I'm trying to get a handle on what ejectment will and will not do for me.

As I understand it, a successful ejectment simply gets me possession, at which time the short statute clock starts.  It is also my understanding that if the taxpayer seeks to redeem concurrent to the ejectment (but files after I file for ejectment), he will likely have to pay my court/legal fees.

However, as the taxpayer can go to court for redemption over the three year life of the short statute, what prevents him from simply not showing up to court for the ejectment and then filing for redemption, say, a month later?  I will have gone through ejectment, paid a lawyer (without reimbursement from the taxpayer) and then, a month later, have to go to court and pay a lawyer all over again, again without reimbursement.  Am I missing something?

@Arnold Finkelstein , if he files for a later redemption lawsuit, you can answer and ask that your earlier legal fees be added to the price tag.  If your ejectment lawsuit is filed after you get your tax deed, you might have a really good argument that his redemption claim was a compulsory counterclaim in your ejectment lawsuit, and he is now barred from suing for judicial redemption. Just a thought. It hasn't been addressed in the appellate decisions.

@Denise Evans  So, if an investor filed an ejectment, the taxpayer would be responsible for an investor's contemporaneous and/or prior legal/court costs in any subsequent attempts to redeem?

The "compulsory counterclaim" idea is an interesting one in that I wouldn't think the the court could be convinced that a taxpayer's attempt to redeem isn't genuine.  If a taxpayer is going to pay a lawyer and show up, that alone seems enough to convince anyone that they really want their property back.

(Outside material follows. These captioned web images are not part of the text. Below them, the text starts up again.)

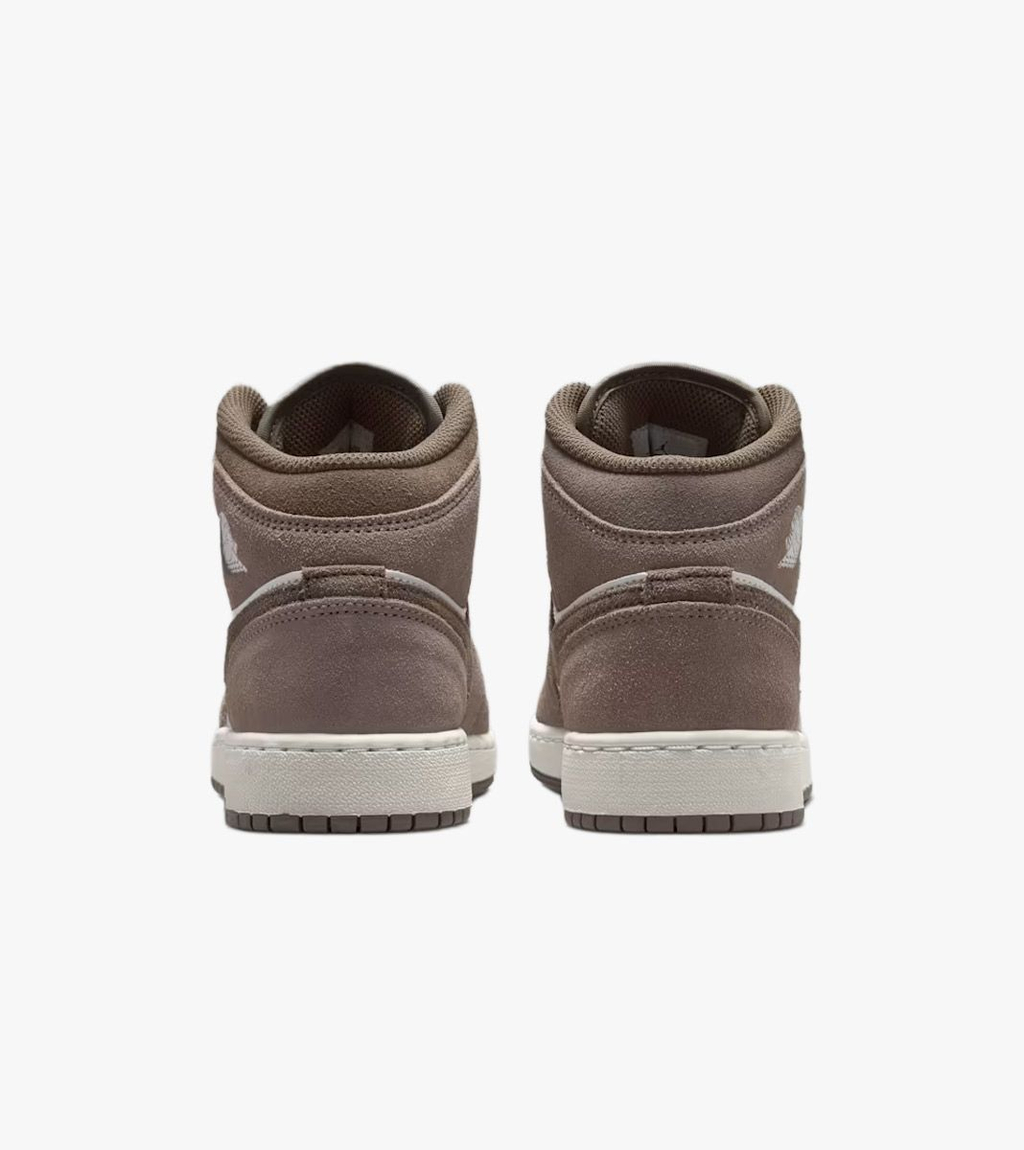 Brown AIR JORDAN 1 MID GS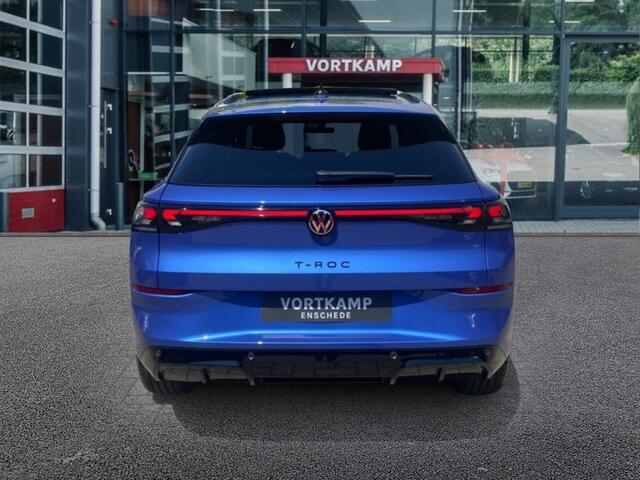 Volkswagen T-Roc 1.5 eTSI R-LINE PANO-DAK/TREKHAAK/CAMERA/20''INCH/IQ-LIGHTS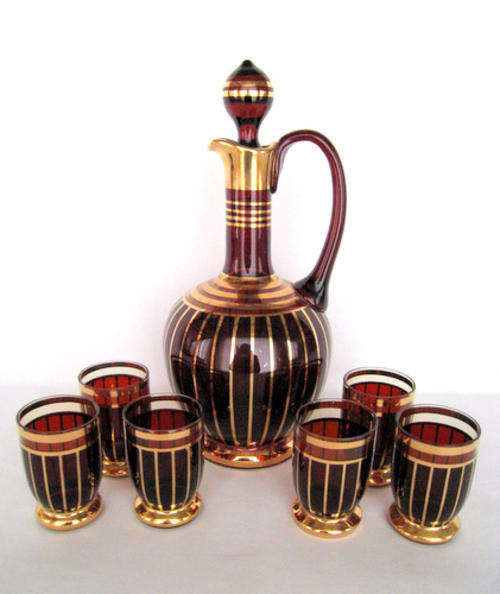 A STUNNING VENETIAN GLASS DECANTER & SIX GLASSES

That's not really the point with compulsory counterclaims, @Arnold Finkelstein . It is that the taxpayer had his chance to judicially redeem when you filed ejectment, and did not take it.  It's not a matter of genuine or not. It's a rule of litigation that could burn the unwary.  Just like a statute of limitations is a rule that could nab somebody, no matter how genuine their desire or how good their excuse for waiting so long to do something.